Le nouveau cadre réglementaire de l’intelligence artificielle se met en place. N’attendez pas que vos concurrents le fassent : anticipez les nouvelles contraintes légales et bénéficiez d’un avantage concurrentiel !
L’intelligence artificielle a démontré son apport potentiel dans de nombreux domaines de l’activité humaine, par des gains d’efficacité, par l’offre de solutions innovantes ou l’amélioration de la qualité de produits ou services existants (notamment par une analyse plus fine des besoins ou des attentes des clients), par une meilleure optimisation dans la gestion (notamment de projets). L’intelligence artificielle peut donc constituer un levier de croissance pour les entreprises qui l’utilisent. Elle peut également ouvrir de nouvelles opportunités en libérant les équipes de tâches répétitives.
Si les bénéfices de l’intelligence artificielle ne sont donc plus à démontrer, la puissance de cette technologie nouvelle inquiète et de nombreuses questions se posent : transparence, traçabilité, contrôle des apprentissages et des évolutions par les données, fiabilité, biais, sécurité et confidentialité…
Autant d’interrogations légitimes qui ont été amplifiées par le succès de ChatGPT, mais aussi par la médiatisation de certains usages abusifs de ces outils.
Pour répondre à ces interrogations et craintes, plusieurs initiatives législatives importantes ont vu le jour, l’Europe étant pionnière en ce domaine. Le but du législateur européen est d’encadrer l’usage de l’intelligence artificielle, afin que les solutions et outils basés sur l’IA soient développés et utilisés conformément aux valeurs de l’Union européenne, et afin que des principes de responsabilité clairs permettent d’assurer la confiance des utilisateurs.

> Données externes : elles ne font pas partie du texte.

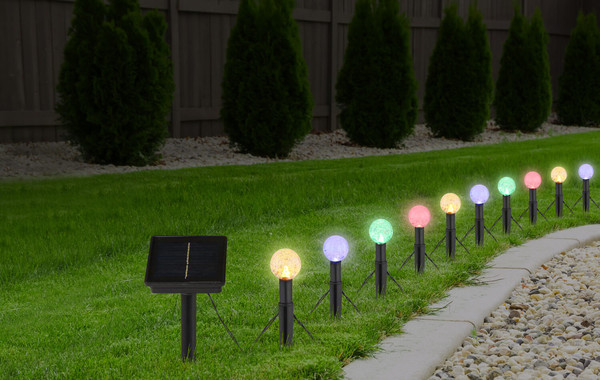 Globo Solar LED Solarleuchte 20-fach 0,06W IP44 Schwarz Matt Ø3cm 36352-20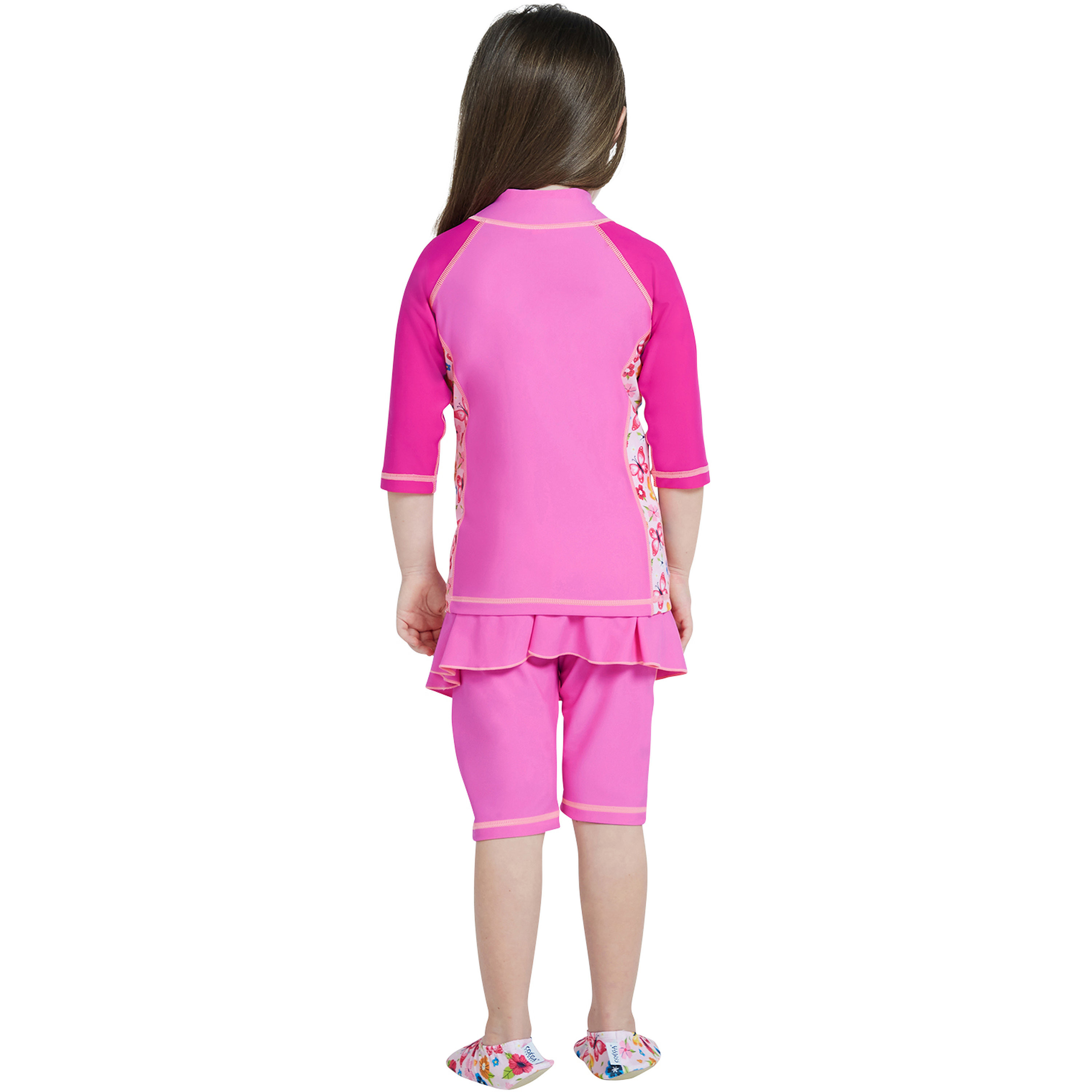 بدلة من قطعتين من فتيات كويغا - زهور وردية وردية-sports-girls-clothing-swimwear-image-4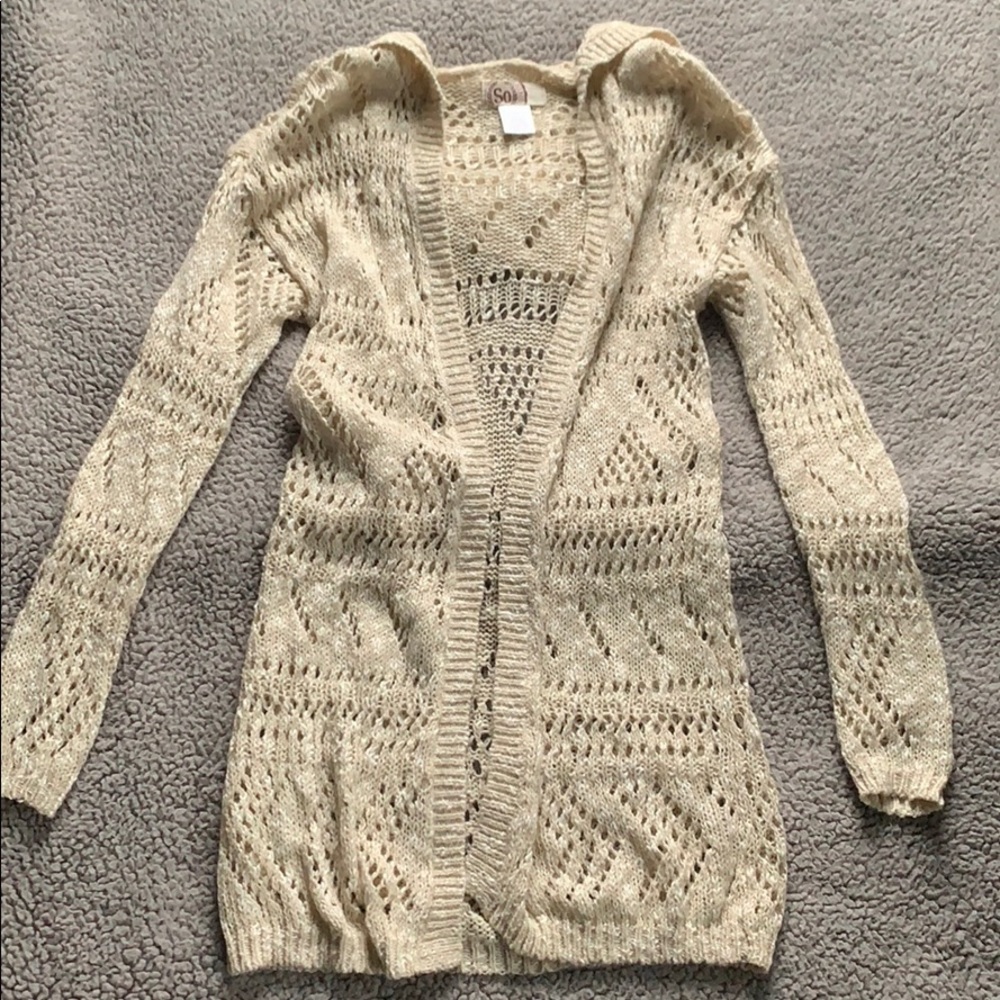 TAN CARDIGAN WITH HOOD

Les piliers de cette réglementation de l’intelligence artificielle sont les suivants (à retrouver en détails ci-dessous) :
- Le règlement européen sur l’IA (IA Act) (1) ;
- La directive européenne sur la responsabilité en matière d’IA (2) ;
- La révision de la directive sur la responsabilité du fait des produits défectueux (3).
Le cadre juridique régissant l’intelligence artificielle comporte de nombreuses obligations et règles qui doivent être prises en compte dès la phase initiale d’un projet IA, afin de pouvoir assurer une conception conforme du système IA et éviter des modifications ultérieures.
L’identification des points de conformité au Règlement européen sur l’IA constitue donc une étape cruciale des projets IA. De même, l’identification des risques contractuels permet d’assurer la sécurité juridique d’un projet et de l’exploitation ultérieure de ses résultats. La combinaison de ces deux éléments permet de lister les contraintes applicables et les éléments à répercuter dans les contrats organisant la mise en place d’une solution IA.
Anticiper ces contraintes légales et contractuelles permet d’éviter les modifications et retards ultérieurs et assure une conformité dès la conception. Un avantage concurrentiel non négligeable, dans un domaine où les délais ont une importance cruciale.
Grâce à son expertise reconnue en droit de l’innovation et des technologies, Lexing a mis au point des outils visant à accompagner les entreprises dans leurs projets d’intelligence artificielle :
- des supports permettant d’assurer la formation des équipes de projets IA ;
- des outils permettant de faciliter l’identification des règles applicables ;
- une palette de solutions facilitant l’intégration des contraintes réglementaires dans les projets et les documents juridiques les accompagnant (fiches pratiques, modèles de clauses spécifiques…).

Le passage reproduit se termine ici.